§ **RECORDS SUPPLIED**
◇ ◇ ◇ ◇
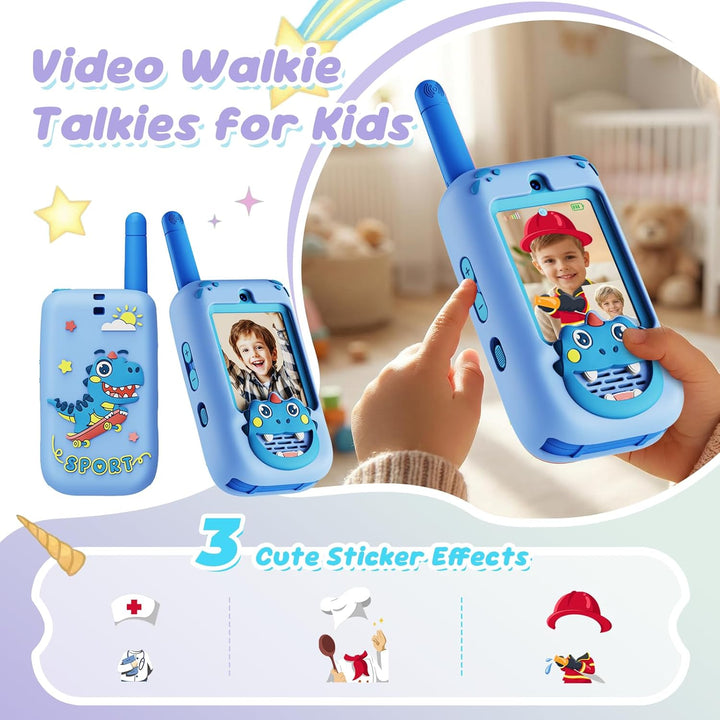 Walkie Talkies de video para niños, paquete de 2 radios bidireccion...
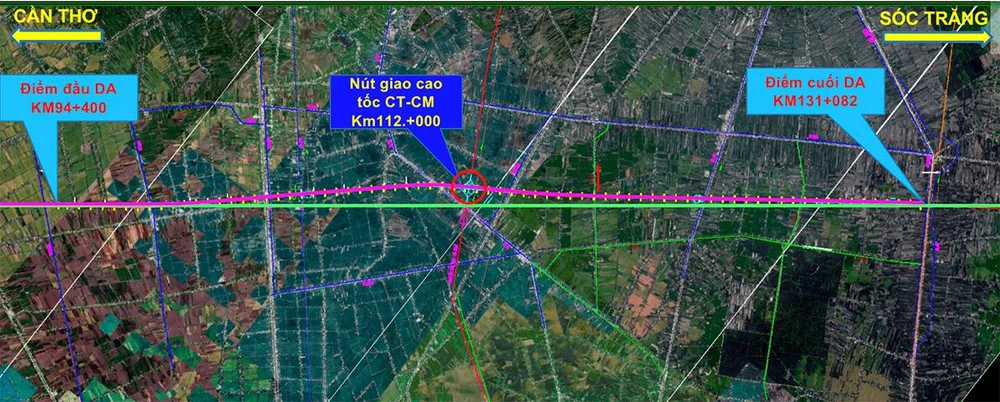 Cao tốc Châu Đốc - Cần Thơ - Sóc Trăng đoạn qua địa bàn tỉnh Hậu Giang có chiều dài khoảng 36,8 km.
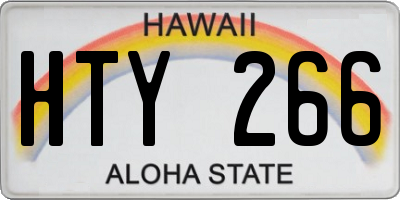 HI license plate HTY266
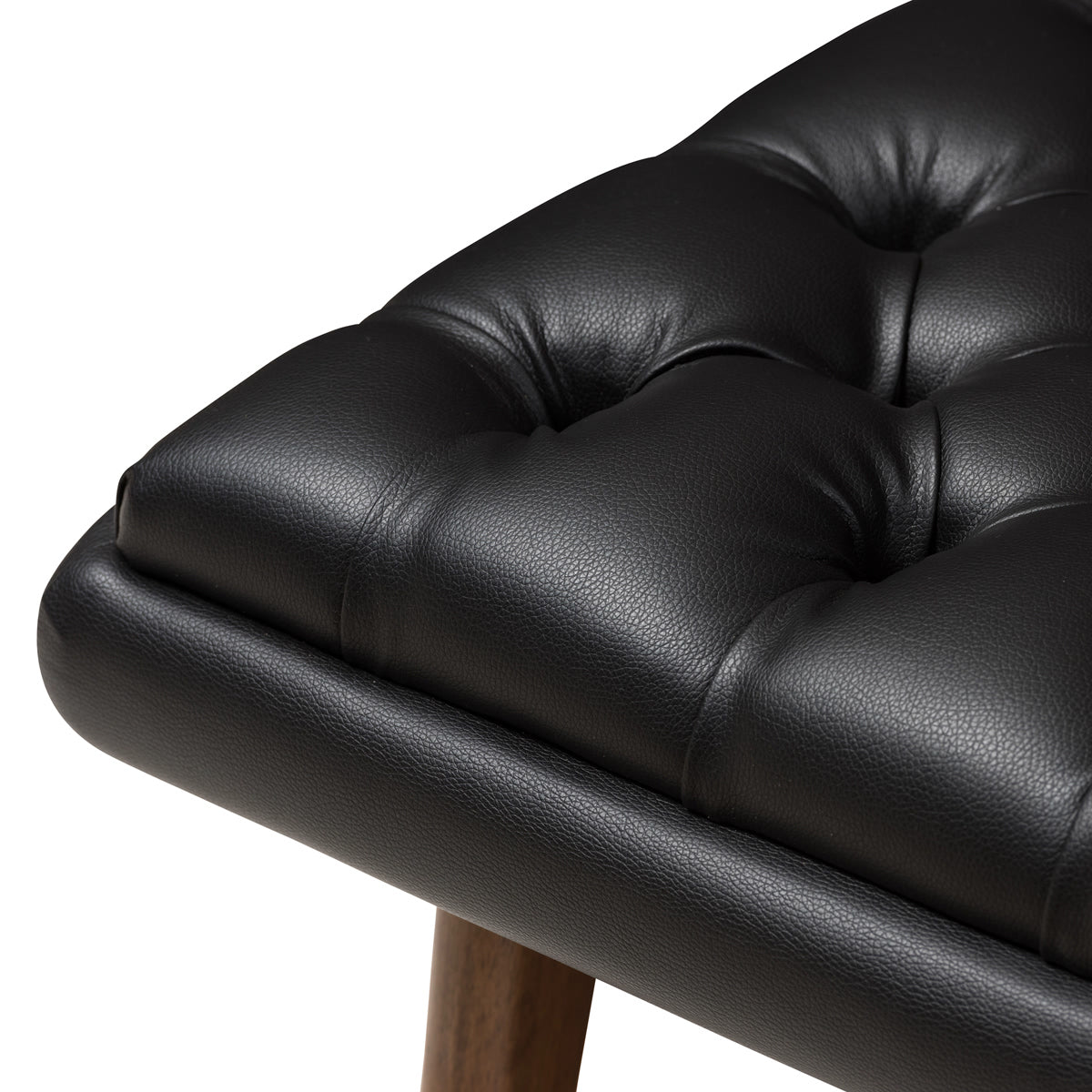 Baxton Studio Annetha Mid-Century Modern Black Faux Leather Upholstered Walnut Finished Wood Ottoman Baxton Studio-ottomans-Minimal And Modern - 4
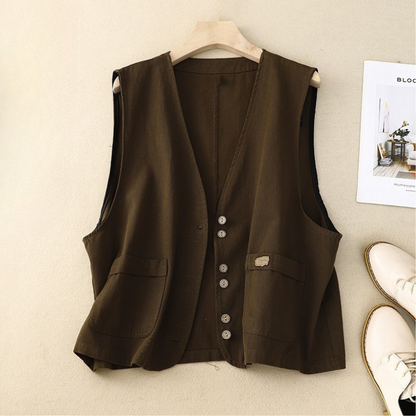Women's Relaxed Fit Button Vest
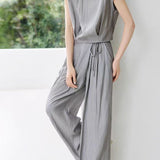Casual flutter sleeve top with matching wide-leg pants set - liwisi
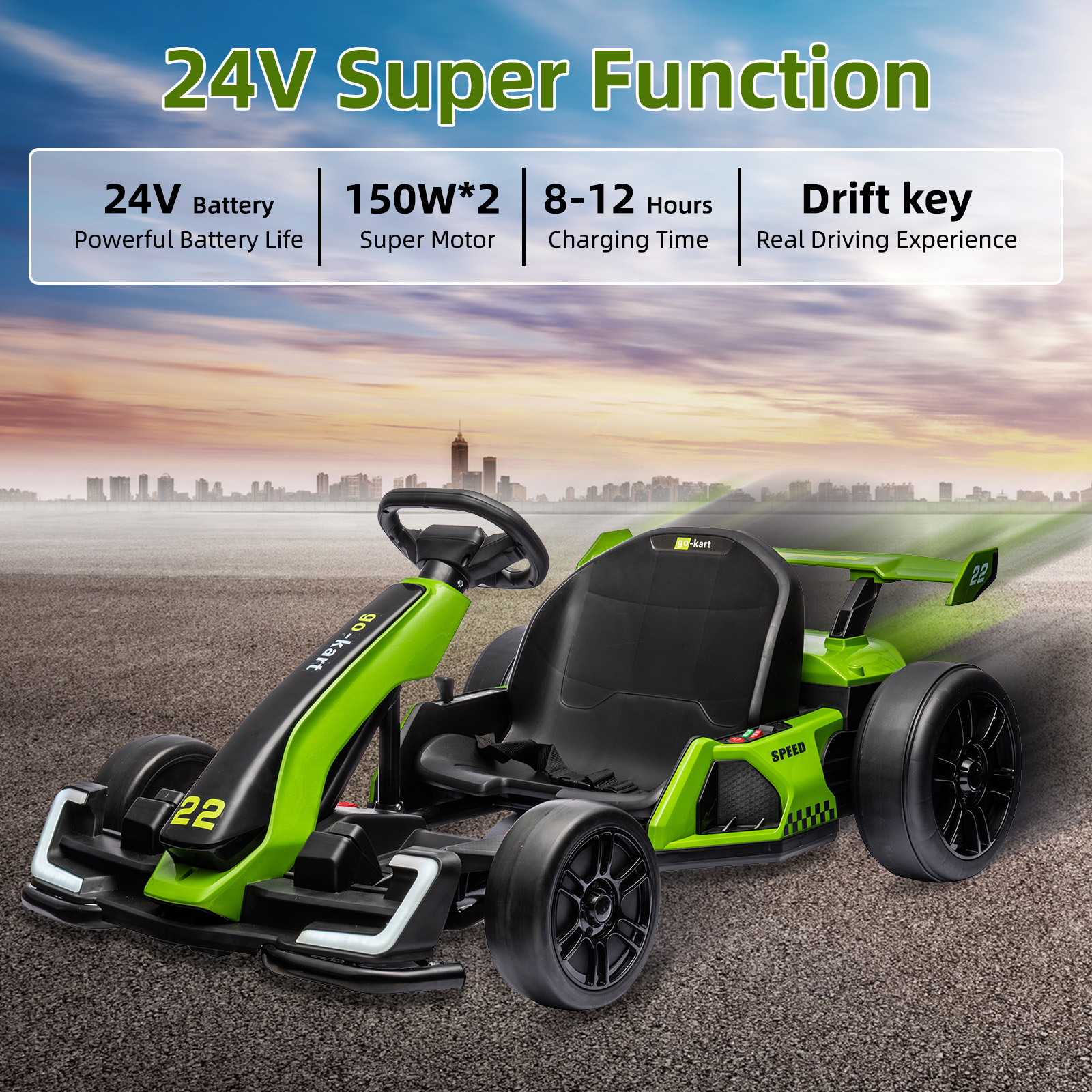 24V Kids Electric Go Kart with - Outdoor Sport For Kids reseña y precio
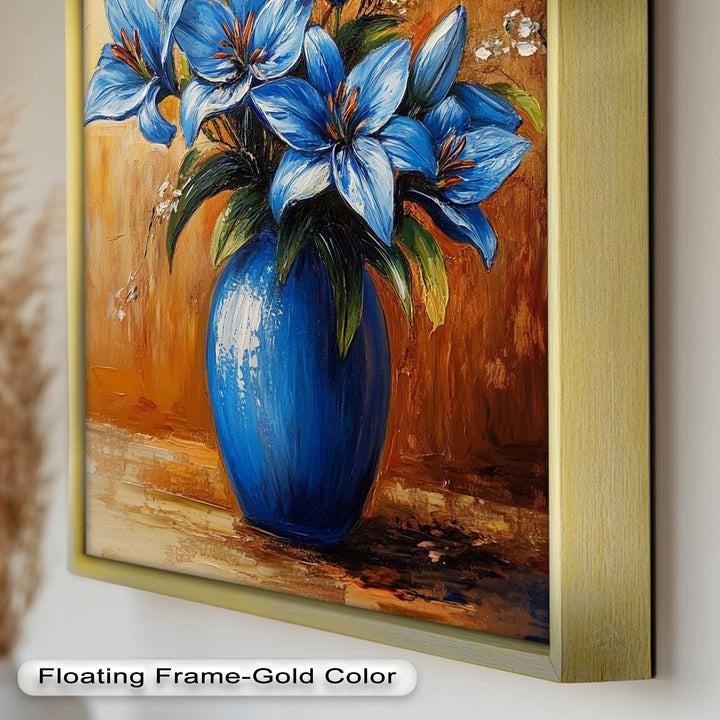 Azure Blossoms in a Blue Vase – Flower Oil Painting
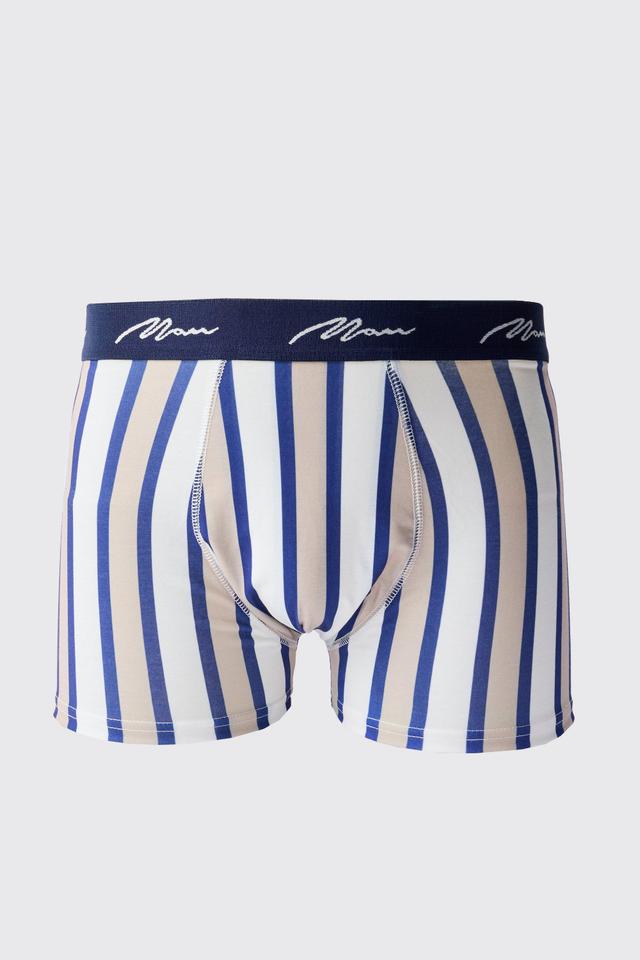 Man Stripe Printed Boxers | boohooMAN USA Product Image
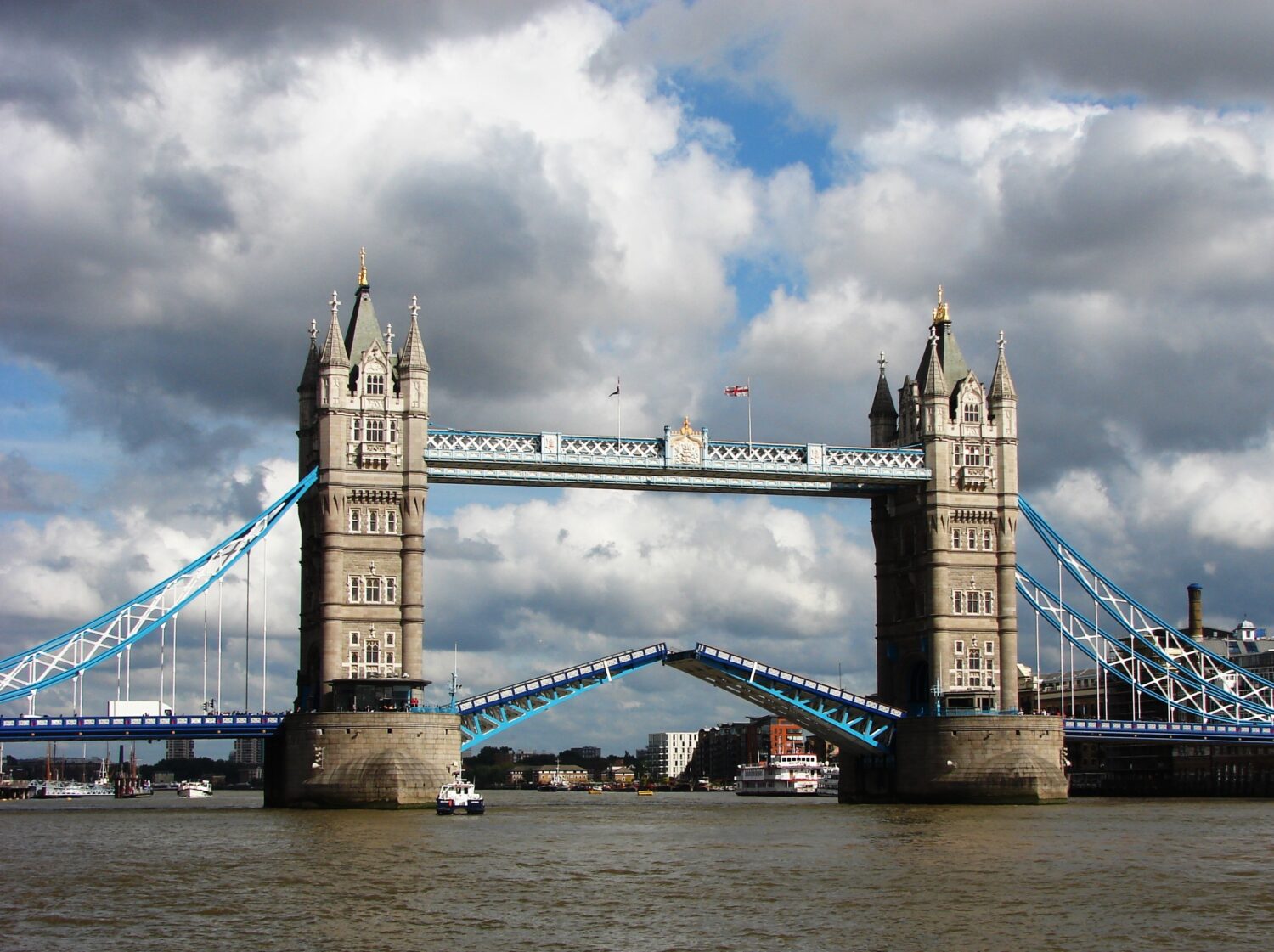 Tower Bridge opening over the River Thames in London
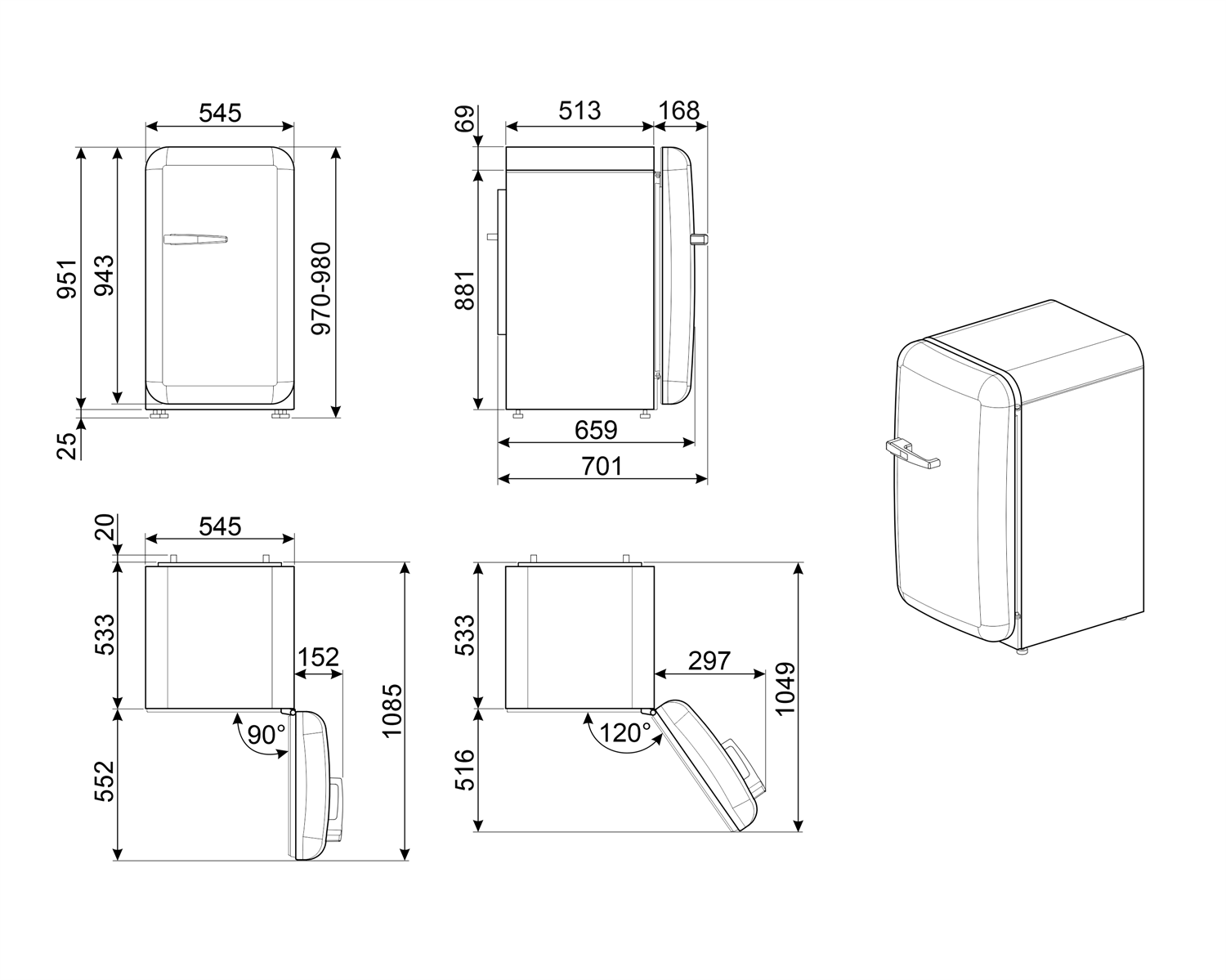 Maattekening SMEG koelkast tafelmodel rood FAB10HRRD5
◇ ◇ ◇ ◇
§ **EXERCISE DESCRIPTION**
Quote the data above exactly from the line with "Baxton Studio Annetha" to the line with "Casual flutter sleeve", both ends counted, and nothing else. Pictures don't go in.

§ **WRITTEN ANSWER**
 Baxton Studio Annetha Mid-Century Modern Black Faux Leather Upholstered Walnut Finished Wood Ottoman Baxton Studio-ottomans-Minimal And Modern - 4
Women's Relaxed Fit Button Vest
Casual flutter sleeve top with matching wide-leg pants set - liwisi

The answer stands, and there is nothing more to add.